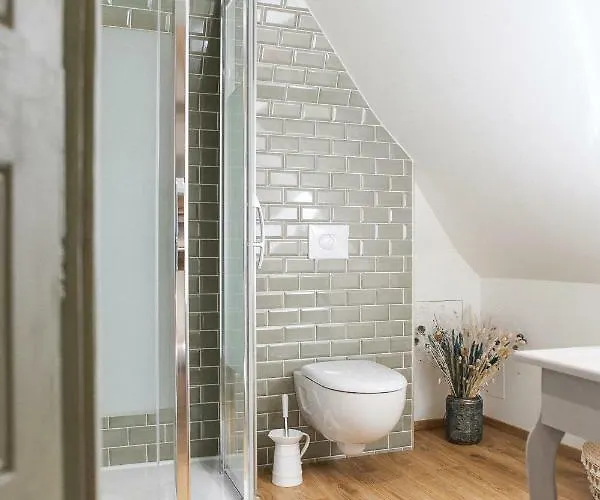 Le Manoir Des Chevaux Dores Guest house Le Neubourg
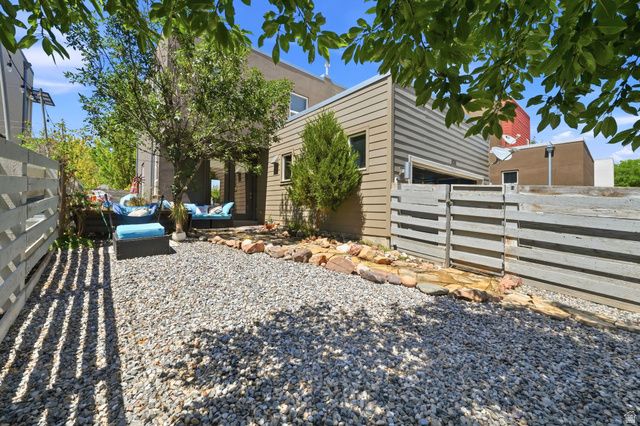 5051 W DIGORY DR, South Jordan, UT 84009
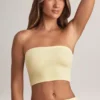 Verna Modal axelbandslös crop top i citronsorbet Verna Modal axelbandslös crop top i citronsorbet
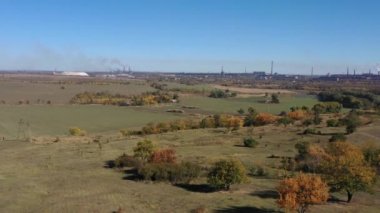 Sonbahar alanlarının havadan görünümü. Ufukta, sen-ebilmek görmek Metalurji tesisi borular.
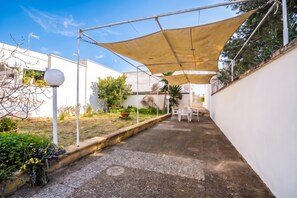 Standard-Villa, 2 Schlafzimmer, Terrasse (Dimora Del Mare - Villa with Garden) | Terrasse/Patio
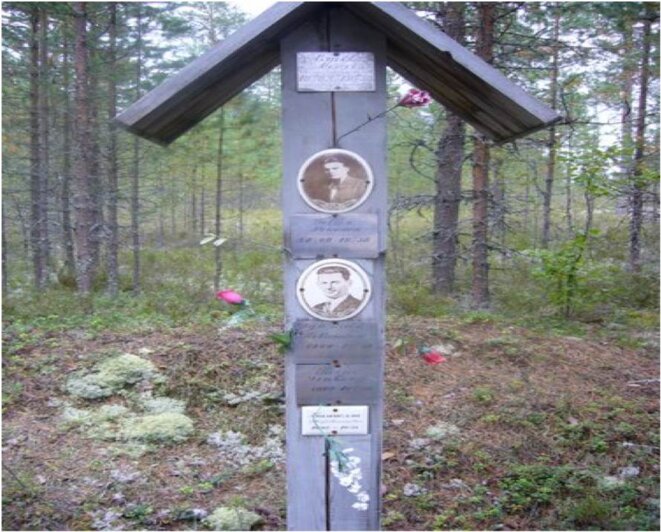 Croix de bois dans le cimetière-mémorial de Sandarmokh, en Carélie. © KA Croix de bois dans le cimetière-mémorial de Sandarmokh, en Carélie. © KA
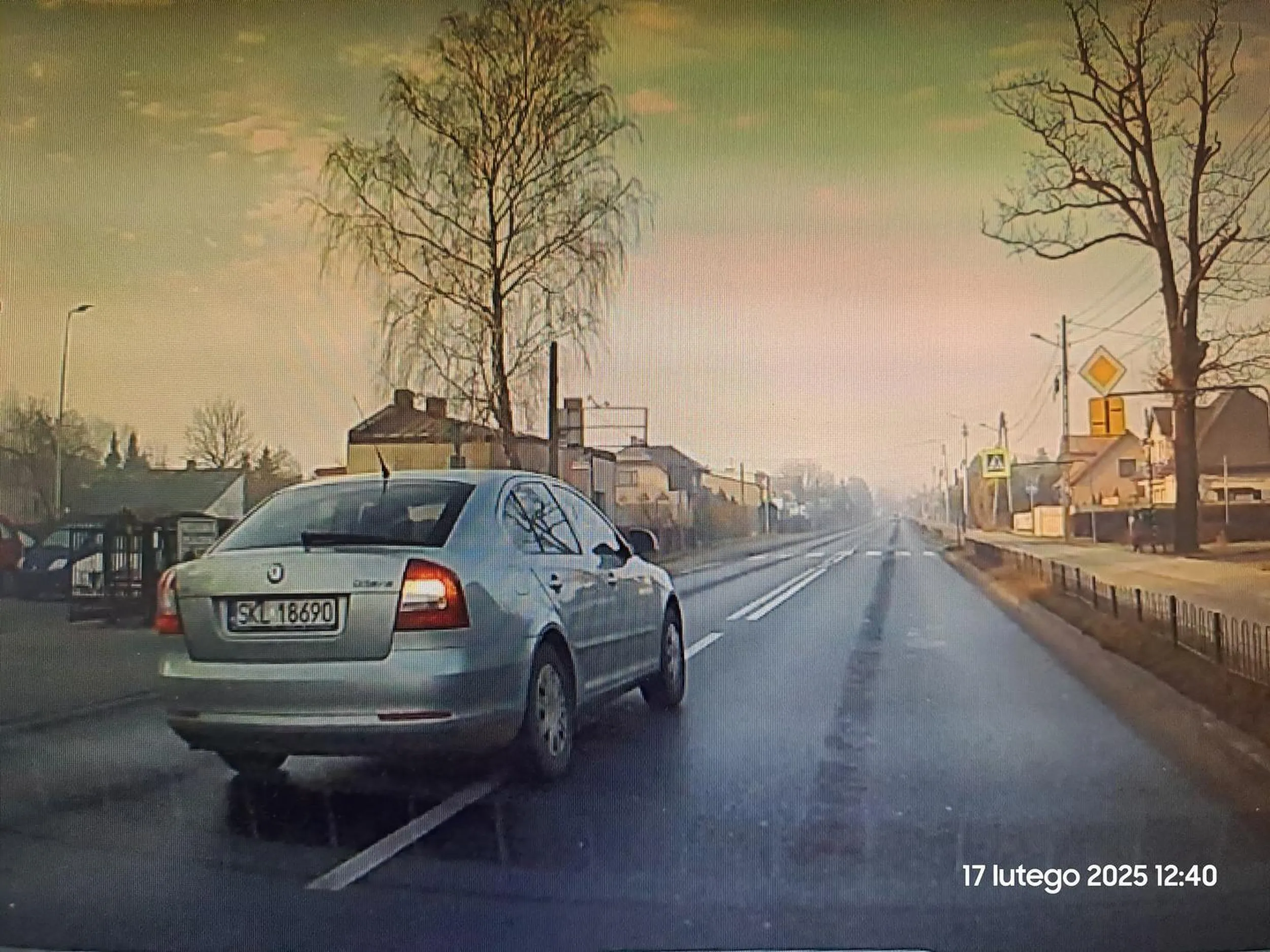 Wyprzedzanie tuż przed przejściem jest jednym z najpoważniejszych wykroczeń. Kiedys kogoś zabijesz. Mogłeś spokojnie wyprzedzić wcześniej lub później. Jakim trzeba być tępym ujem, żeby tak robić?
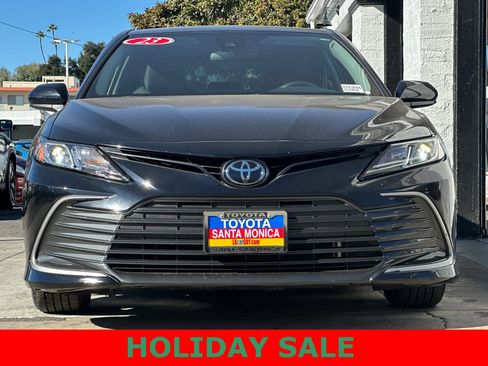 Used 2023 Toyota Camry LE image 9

◆ ◆ ◆ ◆

WHAT IS NEEDED » With the pictures left out, please output each line from the one containing "Standard-Villa, 2 Schlafzimmer, Terrasse" through the end of the entries, exactly as it is.

FINISHED TASK »
 Standard-Villa, 2 Schlafzimmer, Terrasse (Dimora Del Mare - Villa with Garden) | Terrasse/Patio
 Croix de bois dans le cimetière-mémorial de Sandarmokh, en Carélie. © KA Croix de bois dans le cimetière-mémorial de Sandarmokh, en Carélie. © KA
 Wyprzedzanie tuż przed przejściem jest jednym z najpoważniejszych wykroczeń. Kiedys kogoś zabijesz. Mogłeś spokojnie wyprzedzić wcześniej lub później. Jakim trzeba być tępym ujem, żeby tak robić?
 Used 2023 Toyota Camry LE image 9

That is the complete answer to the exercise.